If the opportunity is ever presented, I will ask the buyer of our property for their thinking regarding the panels. Obviously this is a case study, not general research; one person’s opinion does not necessarily reflect an attitude across a whole society.
I shall extend this essay after I have installed PV solar on the latest house.  I am hoping to have 4kW this time, but I do not expect to have a FIT.
Just mild annoyance.
After another year of output I will be able to add figures for whatever return there is. Quite clearly I am not going to find any unbiased information – info that I can satisfy myself IS actually unbiased. You might even say the same about my own writing. I’m a fan of being greener and I’m prepared to put some money up to find out.But at the same time I would like to think I’m being honest over what it has cost and what it is returning. Discovery will begin in 2019.

1 Energy Performance Certificate, now a required document for a house in this country. I use ours to provide info on this page where I want typical national figures, not our own domestic.

2 That’s what the Green Deal is supposed to address – it allows for capital expenditure and significant gains with virtually no direct costs, hidden by the energy savings. Yet the national take-up is minute. Something for politicians to address in detail.

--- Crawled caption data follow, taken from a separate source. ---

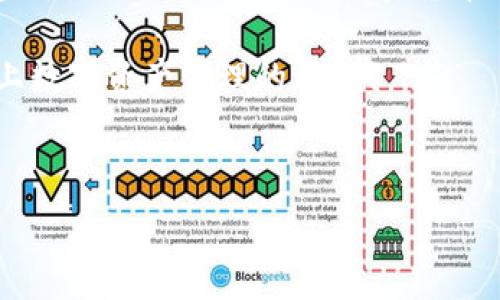   
baiotiTP钱包使用教程：数字资产管理新手必看/baioti

关键词  
TP钱包, 数字资产, 加密货币, 区块链/guanjianci

---

### 内容主体大纲

1. **引言**
   - 介绍TP钱包及其重要性
   - 数字资产管理的普及

2. **TP钱包的基本功能**
   - 支持的数字资产类型
   - 移动端与桌面端的特点

3. **TP钱包的下载安装**
   - 下载渠道
   - 安装步骤

4. **注册与创建钱包**
   - 账号注册流程
   - 创建新钱包的注意事项

5. **如何使用TP钱包进行交易**
   - 发送与接收资产
   - 交易过程中的注意事项

6. **TP钱包的安全性分析**
   - 钱包的安全特性
   - 常见的安全隐患及防范措施

7. **TP钱包的备份与恢复**
   - 钱包备份的重要性
   - 备份和恢复的具体步骤

8. **常见问题与解答**
   - 使用TP钱包时遇到的常见问题及解决方案

9. **总结**
   - 对TP钱包的总结及未来展望


### 详细内容

#### 1. 引言

在当今数字货币蓬勃发展的时代，越来越多的人开始尝试使用各种加密货币交易和管理数字资产。在这个过程中，一个安全、高效、用户友好的钱包显得尤为重要。TP钱包作为一款主流数字资产管理工具，其简单易用的特点，吸引了大量用户，尤其是初学者。

本篇文章将为您提供详细的TP钱包使用教程，帮助您快速上手，了解如何安全、有效地管理您的数字资产。

---

#### 2. TP钱包的基本功能

TP钱包是一款支持多种数字货币存储与交易的去中心化钱包，其核心功能包括资产存储、交易转账、资产兑换等。该钱包支持的数字资产种类涵盖了比特币、以太坊、USDT等多种热门加密货币。

(1) **支持的数字资产类型**  
TP钱包支持的数字资产非常丰富，不仅包括主流的比特币、以太坊、瑞波币等，还包括各种新兴的ERC20代币。这一特性使得用户能够在一个平台上管理多种数字资产，避免了使用多个钱包的复杂性。

(2) **移动端与桌面端的特点**  
TP钱包不仅提供移动端应用，使用户能够随时随地进行资产管理，还具备桌面端版本，以方便在电脑上进行更大规模的交易。无论是手机还是电脑，TP钱包的界面设计都非常友好，使新手用户能够快速上手。

---

#### 3. TP钱包的下载安装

3  On a larger scale I am hugely disappointed with estate agency as a business. No agent we have spoken to in the last three years has offered any opinions and indeed they have gone out of their way to avoid expressing any opinions. This has the effect of reducing such people to know-nothings; they will happily go seek out what is public information but they simply refuse to turn information into opinion. If this is the result of legal persecution, we are all the losers (and I deplore the system that has allowed this to occur). I had no trouble finding a specialist surveyor happy to tell me what was potentially wrong with a house, but he was not portraying himself as any sort of estate agent. We have had a very similar experience with solicitors acting for conveyancing. Fortunately, I have no problem with accepting that we must make decisions for ourselves; my complaint is that the people we are paying for advice will not give it. Worse, when I dragged the estate agent into giving advice, it was quite clear to me that what they were doing was not expressing an opinion in my interests, but in their own. That is not what agency is. Or not what it was, at the least.

4 Yes, there is a mixture of first person singular and plural. This is our house, but it is (has been) my task to sell it, a matter on which we were already agreed.

5  Not an irrelevance; when trying to work out what was wrong with the set-up on our system, I found out that the rectifier uses up to 400W of the not quite 3kW capacity. So, as I understand the numbers, that means that at maximum solar gain we consume 400W of that in converting from DC to AC. That is an in-built loss at design level of 14% (2s.f correct), arguably an unnecessary one. How the consumption varies at lower solar gain, I do not know but presume the power costs to be similar.

The current house has a south-facing roof, but we are denied the right to place PV panels on it, because we live in a conservation area. I disagree with the decision, but hard luck. I can find NO information telling me about PV energy production when the panels are not placed optimally. In theory, the PV type needs ambient light, while the thermal type demands direct light. This could be an expensive experiment. Clearly the recovery time will be extended, but there will be some gain, however reduced. In effect I will need a lot more panels for the same energy capture.  That essay cannot be written until late 2019.